How much should you pay to keep your data up to date? How much does it cost you to use stale date?
Let’s look at a real example using the voter database (VRDB) provided by the secretary of state. This tells you the voters in your district and a campaign uses this to know who to contact for voter outreach. This perhaps the most critical piece of data for any campaign.
Suppose it costs you $1 to mail a postcard to a voter. If 1000 voters have moved out of your district and can no longer vote for you, you’d arguably be wasting $1000 to continue sending them postcards asking for their vote.
So not updating your copy of the voter-database costs you money in wasted resources. But ingressing a new copy of the voter-database costs you something too. So where’s the sweet spot? How frequently do you need to refresh your copy of the voter database?
Don’t guess! Let’s measure it …
We must establish a difference function to compare to tables (or CSV files). This is somewhat arbitrary, but we’ll count the “decay” as the number of deltas to convert the first file into the second. The difference function should be symmetric.
We’ll count the following as differences:
– if a voter is in one file but not the other. This may mean a voter has moved into the district or left the district.
– If a voter has changed (such as a different last name or different precinct number).
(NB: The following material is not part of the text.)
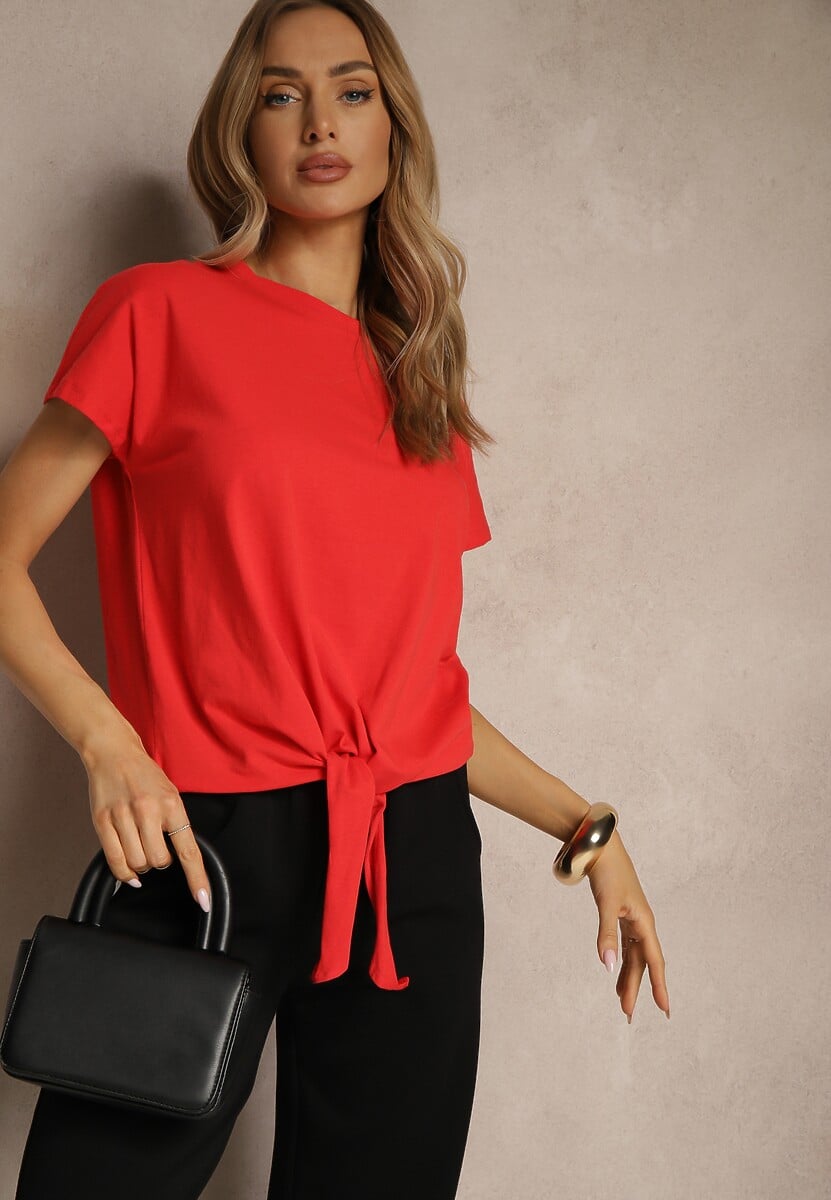 Czerwony Bawełniany T-shirt Wiązany u Dołu Sunalina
This may mean the voter has moved within the district or changed their name.
If the two files have N1 and N2 rows respectively, then the maximum number of differences would be (N1+N2).
For this study, we use an implementation from https://github.com/TechRoanoke/CsvCount/blob/master/CsvCount/CsvDiff.cs
2. Get the data
Here, we’ll look at VRDBs from Oct’12 through Feb’16. Voter Databases can be obtained from the Secretary of State at http://www.sos.wa.gov/elections/vrdb/
Here’s the result of applying the difference function. We start with Oct’12 and use that as a baseline, and comparing each VRDB back it.
Within 1.5 years, there were over a million differences. If it costs $1 a contact, that could be potentially wasting $1 million in a statewide campaign by operating with stale data with a VRDB that’s even 2 years out of date.
We’d expect the decay to slow down and not be linear. Once a person moves, subsequent moves don’t count as additional differences. For example, say person X starts in precinct p1 in Jan’14, moves to precinct p2 in June ’14, and then moves to precinct p3 in Dec ’14. That’s only 1 total difference from Jan’14 to Dec ’14 (moving from P1 to P3) even though there were 2 moves.
5. Next steps?
Possible future explorations here:
- Refine the difference function. Is there an ideal difference function?
- Rrepeat with more data
- This was for Washington state. Compare to other states.
- Compare the vrdb decay rate in urban vs. rural counties.
- Analyze the empirical data and correlate it with specific events. For example, why was their a decrease in voter registration records in Mar’14.
- Develop a theoretical model and match to the empirical data here.